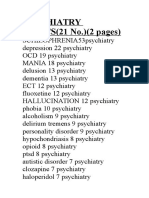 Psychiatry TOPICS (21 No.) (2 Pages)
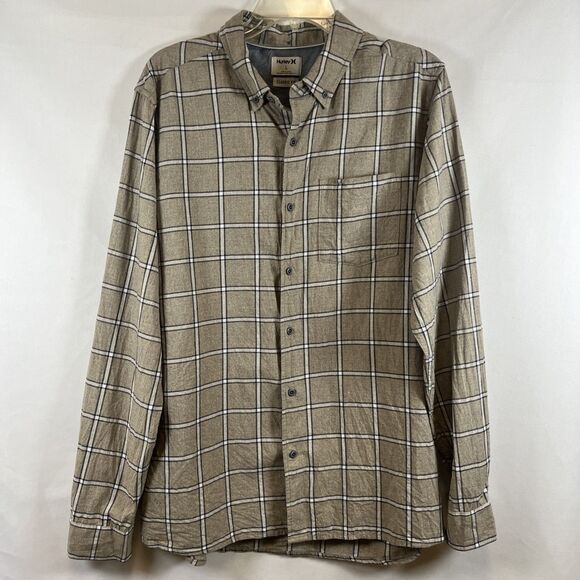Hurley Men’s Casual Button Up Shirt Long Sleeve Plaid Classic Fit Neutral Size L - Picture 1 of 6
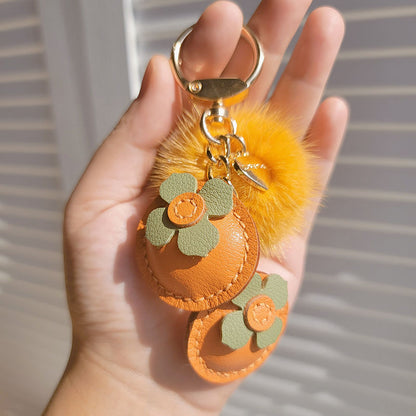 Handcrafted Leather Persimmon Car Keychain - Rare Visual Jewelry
● ● ●
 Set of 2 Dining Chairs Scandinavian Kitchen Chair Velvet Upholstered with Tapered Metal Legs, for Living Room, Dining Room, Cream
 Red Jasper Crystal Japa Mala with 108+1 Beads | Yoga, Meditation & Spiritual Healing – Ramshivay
● ● ●
## What you need to do:
Tell how many lines of the records above hold the string "with". Give no other text.

## Result of the exercise:
2